Pourquoi motiver certains comportements ? Pourquoi ne pas laisser une totale liberté aux joueurs sur les situations qu’ils vont explorer ? Parce qu’on ne peut pas demander à un personnage a priori maléfique de sauver ceux qui sont dans le besoin sans se heurter à quelques problèmes et que parfois, jouer un personnage qui possède des valeurs ne va pas de soi.

Si le MJ ou le jeu vise dans une direction pour l’histoire, bien motiver un comportement permet de renforcer la cohésion entre la proposition initiale et ce qu’en fait le joueur.

Les comportements qui m’intéressent sont les choix que le joueur effectue dans la fiction, mais les motivations prennent racine également dans les interactions sociales et dans la mécanique du jeu.

J’observe 6 pratiques dans les parties de JdR :

  1. Inciter
  2. Dissuader
  3. Suggérer
  4. Contraindre
  5. Laisser faire
  6. Imposer

1. Inciter

“Si tu fais [telle action], il se passera [truc positif]”.

Il s’agit de valoriser le comportement recherché, généralement par la mécanique du jeu.

Par exemple : “J’ai noté sur ma fiche de personnage que j’étais téméraire. À chaque fois que j’agis en me mettant volontairement en danger, je gagne un dé à lancer de plus pour mon action.”

Ou “Quand j’épargne un ennemi, je gagne un point d’expérience.”

La mécanique permet de rendre la récompense fiable car elle ne repose pas sur l’arbitraire d’une décision d’une autre personne (seulement en cas de litige, comme pour toute chose en JdR), surtout quand le comportement motivé implique une contrepartie, mécanique et dans la fiction.

Inciter un comportement demande d’établir des conditions faciles à vérifier et qui limitent la possibilité de biais d’interprétation : savoir quand on combat ou quand on blesse quelqu’un est plus facile à vérifier avec certitude que savoir quand on fait peur ou quand un personnage a peur.

Le joueur n’est jamais tenu d’adopter le comportement en question, ce qui permet de lui laisser le choix et de lui donner de l’importance. Notamment si le choix n’est pas un avantage net, mais présente aussi une contrepartie, ou si le fait de ne pas l’utiliser peut rendre les choses plus difficiles ou plus dangereuses pour son personnage.

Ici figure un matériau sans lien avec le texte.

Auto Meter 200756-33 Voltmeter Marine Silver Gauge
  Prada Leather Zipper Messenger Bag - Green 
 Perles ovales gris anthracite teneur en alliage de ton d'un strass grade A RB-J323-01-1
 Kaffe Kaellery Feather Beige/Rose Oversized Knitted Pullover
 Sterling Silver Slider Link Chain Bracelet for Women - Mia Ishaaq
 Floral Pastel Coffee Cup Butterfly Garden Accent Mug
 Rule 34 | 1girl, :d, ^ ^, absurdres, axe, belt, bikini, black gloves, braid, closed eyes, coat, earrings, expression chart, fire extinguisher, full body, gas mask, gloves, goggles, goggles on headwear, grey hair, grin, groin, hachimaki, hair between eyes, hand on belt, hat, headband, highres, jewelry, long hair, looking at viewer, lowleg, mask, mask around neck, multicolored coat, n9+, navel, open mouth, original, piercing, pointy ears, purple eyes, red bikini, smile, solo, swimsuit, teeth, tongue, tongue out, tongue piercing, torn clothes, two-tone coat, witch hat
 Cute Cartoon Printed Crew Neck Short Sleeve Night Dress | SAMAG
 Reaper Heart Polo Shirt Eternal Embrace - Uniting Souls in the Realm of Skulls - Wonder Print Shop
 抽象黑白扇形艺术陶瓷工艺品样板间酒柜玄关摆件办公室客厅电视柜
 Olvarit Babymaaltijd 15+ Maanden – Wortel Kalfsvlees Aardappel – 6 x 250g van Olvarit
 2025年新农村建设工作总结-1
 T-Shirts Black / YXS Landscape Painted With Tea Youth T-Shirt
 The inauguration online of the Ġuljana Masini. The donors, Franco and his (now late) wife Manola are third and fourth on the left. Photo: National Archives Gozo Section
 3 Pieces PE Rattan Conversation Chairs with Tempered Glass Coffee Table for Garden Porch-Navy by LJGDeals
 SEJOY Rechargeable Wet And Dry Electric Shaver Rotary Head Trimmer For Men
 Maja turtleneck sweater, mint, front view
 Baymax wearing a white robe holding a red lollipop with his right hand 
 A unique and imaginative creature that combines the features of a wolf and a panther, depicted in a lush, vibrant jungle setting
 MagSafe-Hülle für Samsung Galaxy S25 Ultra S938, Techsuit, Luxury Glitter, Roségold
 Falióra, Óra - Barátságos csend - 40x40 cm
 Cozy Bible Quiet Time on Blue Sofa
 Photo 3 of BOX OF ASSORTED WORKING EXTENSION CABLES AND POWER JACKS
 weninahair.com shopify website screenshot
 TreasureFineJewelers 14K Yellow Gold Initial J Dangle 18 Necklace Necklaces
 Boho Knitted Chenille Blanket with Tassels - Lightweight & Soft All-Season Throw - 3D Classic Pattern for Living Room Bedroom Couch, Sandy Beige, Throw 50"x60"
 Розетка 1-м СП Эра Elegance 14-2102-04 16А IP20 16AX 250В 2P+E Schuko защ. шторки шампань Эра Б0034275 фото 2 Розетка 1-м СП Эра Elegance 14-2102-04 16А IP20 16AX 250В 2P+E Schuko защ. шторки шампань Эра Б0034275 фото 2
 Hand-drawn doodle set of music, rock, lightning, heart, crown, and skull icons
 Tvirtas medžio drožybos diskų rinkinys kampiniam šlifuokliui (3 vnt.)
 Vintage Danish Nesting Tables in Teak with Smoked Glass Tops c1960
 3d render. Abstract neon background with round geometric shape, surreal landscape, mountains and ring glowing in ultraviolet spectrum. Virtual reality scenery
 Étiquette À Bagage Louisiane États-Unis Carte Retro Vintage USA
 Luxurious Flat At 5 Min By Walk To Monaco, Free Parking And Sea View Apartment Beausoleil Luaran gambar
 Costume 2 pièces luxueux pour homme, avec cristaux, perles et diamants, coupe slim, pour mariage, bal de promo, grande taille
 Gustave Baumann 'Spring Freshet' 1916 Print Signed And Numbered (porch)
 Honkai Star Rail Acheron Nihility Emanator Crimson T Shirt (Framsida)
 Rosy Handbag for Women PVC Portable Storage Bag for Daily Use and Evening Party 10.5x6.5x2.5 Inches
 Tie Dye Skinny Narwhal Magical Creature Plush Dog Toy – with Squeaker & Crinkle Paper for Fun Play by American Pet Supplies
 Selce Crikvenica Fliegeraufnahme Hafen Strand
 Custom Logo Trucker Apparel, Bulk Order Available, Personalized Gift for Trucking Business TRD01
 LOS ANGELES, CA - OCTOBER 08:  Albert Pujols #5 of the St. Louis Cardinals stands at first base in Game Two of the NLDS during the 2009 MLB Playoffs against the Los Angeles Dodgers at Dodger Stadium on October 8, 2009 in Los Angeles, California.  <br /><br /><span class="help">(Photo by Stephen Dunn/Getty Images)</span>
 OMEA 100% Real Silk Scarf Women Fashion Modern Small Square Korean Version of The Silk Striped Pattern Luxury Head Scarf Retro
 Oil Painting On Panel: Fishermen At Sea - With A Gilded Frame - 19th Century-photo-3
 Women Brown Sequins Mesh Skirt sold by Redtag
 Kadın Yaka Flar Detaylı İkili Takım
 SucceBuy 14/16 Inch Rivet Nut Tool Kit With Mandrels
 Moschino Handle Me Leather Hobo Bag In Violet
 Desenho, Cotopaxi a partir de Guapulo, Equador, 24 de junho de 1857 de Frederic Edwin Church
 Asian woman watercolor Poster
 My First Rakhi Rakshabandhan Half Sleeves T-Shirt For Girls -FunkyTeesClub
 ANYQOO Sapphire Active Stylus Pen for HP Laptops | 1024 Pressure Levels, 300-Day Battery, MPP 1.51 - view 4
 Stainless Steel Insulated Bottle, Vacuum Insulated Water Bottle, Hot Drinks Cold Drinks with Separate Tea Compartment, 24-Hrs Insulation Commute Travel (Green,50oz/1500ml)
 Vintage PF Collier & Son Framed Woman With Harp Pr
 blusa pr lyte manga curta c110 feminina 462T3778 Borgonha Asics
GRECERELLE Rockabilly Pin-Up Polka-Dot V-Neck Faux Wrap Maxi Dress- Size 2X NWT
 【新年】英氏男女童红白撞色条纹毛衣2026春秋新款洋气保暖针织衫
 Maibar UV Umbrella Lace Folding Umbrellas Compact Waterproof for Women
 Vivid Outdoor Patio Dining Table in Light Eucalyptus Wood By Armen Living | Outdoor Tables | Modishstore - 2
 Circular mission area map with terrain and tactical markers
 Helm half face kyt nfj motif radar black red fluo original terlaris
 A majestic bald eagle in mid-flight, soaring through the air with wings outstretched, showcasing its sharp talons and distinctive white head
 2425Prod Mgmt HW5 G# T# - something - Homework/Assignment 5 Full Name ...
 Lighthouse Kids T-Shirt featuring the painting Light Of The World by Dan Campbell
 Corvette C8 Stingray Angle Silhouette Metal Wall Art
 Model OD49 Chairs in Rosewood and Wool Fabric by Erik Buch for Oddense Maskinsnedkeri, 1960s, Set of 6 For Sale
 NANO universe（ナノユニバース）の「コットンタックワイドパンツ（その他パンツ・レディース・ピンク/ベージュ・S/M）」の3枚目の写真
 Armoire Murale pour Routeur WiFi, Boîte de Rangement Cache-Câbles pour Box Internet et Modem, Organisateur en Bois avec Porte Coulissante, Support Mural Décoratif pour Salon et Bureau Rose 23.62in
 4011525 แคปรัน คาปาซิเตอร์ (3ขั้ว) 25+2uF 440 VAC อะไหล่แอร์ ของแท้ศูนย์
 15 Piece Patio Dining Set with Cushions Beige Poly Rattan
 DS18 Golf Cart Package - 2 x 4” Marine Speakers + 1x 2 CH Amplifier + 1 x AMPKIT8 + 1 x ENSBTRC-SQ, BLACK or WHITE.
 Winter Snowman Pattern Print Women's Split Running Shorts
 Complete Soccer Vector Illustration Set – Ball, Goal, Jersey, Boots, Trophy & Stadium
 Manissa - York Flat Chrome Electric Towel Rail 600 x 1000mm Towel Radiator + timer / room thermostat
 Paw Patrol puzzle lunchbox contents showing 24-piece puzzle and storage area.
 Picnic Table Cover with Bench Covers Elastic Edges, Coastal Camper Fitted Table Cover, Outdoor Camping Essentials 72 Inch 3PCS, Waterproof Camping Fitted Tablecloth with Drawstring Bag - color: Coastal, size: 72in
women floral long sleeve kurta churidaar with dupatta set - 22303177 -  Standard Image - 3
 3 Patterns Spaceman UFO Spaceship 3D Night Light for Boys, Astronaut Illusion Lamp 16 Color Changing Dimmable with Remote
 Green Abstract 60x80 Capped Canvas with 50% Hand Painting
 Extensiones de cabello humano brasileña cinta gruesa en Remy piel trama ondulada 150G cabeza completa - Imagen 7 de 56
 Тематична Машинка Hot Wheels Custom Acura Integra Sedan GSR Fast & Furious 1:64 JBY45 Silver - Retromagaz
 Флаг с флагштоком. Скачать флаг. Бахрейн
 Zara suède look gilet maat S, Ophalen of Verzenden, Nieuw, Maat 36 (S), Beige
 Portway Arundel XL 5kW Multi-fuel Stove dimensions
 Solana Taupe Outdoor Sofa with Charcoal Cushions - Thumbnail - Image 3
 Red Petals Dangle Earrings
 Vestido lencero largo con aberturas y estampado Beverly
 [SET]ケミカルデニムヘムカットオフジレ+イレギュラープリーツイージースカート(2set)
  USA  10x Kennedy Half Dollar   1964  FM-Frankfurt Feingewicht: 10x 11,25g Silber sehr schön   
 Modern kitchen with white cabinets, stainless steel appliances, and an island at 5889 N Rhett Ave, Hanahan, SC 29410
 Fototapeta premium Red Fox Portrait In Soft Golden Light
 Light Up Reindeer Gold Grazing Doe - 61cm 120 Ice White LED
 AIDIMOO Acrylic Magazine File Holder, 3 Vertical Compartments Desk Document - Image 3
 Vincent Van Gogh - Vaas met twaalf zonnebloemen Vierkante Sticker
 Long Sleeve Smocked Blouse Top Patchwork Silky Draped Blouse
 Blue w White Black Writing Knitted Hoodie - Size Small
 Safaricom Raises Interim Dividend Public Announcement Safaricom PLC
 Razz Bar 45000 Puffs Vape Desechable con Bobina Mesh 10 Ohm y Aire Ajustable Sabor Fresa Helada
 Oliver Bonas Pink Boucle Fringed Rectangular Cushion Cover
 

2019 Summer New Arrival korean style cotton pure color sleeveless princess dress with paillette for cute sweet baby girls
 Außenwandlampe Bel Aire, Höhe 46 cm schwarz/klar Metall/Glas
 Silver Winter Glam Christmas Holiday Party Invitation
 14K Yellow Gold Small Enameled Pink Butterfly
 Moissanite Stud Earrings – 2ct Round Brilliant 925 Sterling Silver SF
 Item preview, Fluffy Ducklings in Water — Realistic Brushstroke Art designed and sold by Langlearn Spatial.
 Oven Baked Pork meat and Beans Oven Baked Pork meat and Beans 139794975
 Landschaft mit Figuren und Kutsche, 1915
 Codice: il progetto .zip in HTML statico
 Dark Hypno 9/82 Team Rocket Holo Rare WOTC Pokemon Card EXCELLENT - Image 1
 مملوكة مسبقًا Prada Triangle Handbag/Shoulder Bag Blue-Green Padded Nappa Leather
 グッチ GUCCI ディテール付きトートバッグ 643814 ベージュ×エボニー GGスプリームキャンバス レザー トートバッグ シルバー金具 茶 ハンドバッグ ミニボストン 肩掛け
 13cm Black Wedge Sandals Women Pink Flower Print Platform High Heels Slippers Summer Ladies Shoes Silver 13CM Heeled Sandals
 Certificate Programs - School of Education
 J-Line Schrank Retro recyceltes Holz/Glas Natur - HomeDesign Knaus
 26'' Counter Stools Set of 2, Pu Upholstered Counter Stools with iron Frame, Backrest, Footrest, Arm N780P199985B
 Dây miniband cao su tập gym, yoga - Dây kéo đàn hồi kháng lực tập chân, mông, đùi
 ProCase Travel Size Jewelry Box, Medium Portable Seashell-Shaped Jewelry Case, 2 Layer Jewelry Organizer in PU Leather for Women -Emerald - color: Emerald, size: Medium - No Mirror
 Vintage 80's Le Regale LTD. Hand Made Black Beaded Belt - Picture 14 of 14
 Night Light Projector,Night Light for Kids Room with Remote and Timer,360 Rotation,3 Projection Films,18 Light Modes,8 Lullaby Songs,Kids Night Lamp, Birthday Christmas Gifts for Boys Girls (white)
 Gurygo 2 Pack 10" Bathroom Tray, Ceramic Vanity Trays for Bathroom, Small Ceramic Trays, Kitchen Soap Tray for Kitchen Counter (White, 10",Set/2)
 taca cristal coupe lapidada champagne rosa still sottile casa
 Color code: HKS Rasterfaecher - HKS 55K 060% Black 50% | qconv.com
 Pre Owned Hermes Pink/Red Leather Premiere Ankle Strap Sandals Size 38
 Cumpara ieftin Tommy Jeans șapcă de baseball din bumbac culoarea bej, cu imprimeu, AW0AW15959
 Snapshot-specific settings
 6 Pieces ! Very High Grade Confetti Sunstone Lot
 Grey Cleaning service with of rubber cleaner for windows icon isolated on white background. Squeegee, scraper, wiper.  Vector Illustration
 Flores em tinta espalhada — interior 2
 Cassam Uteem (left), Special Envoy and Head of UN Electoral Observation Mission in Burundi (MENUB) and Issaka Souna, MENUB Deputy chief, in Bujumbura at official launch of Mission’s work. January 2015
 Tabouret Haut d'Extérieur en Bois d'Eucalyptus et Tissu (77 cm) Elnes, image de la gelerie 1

L’incitation est sans doute le meilleur moyen de motiver un participant pour une action, probablement car il garde toute liberté d’effectuer le choix et parce que le bénéfice est mesurable.

Comme ce fonctionnement tend à ne solliciter que ponctuellement le comportement choisi, il n’épuise pas le joueur.

Laisser un joueur décider ou créer un comportement qui compte peut augmenter son engagement1 à le respecter, dans la mesure où il lui sera demandé d’assumer ce choix par la suite (par exemple, un objectif, une relation, un trait de personnalité, etc.).

L’incitation est parfois subtile, elle se trouve au carrefour d’un ensemble de techniques de jeu et le comportement recherché émerge sans que les participants ne cherchent à le provoquer. Vincent Baker appelle ça le Vide Fertile, je vous en reparlerai probablement dans un futur article.

2. Dissuader

“Si tu fais (ou ne fais pas) [telle action], il se passera [truc négatif]”.

Il s’agit de faire en sorte qu’un comportement donné cause une conséquence négative au personnage, tout en autorisant ce comportement. Le joueur peut donc aller à l’encontre de l’injonction faite par la règle, mais il devra en assumer les conséquences.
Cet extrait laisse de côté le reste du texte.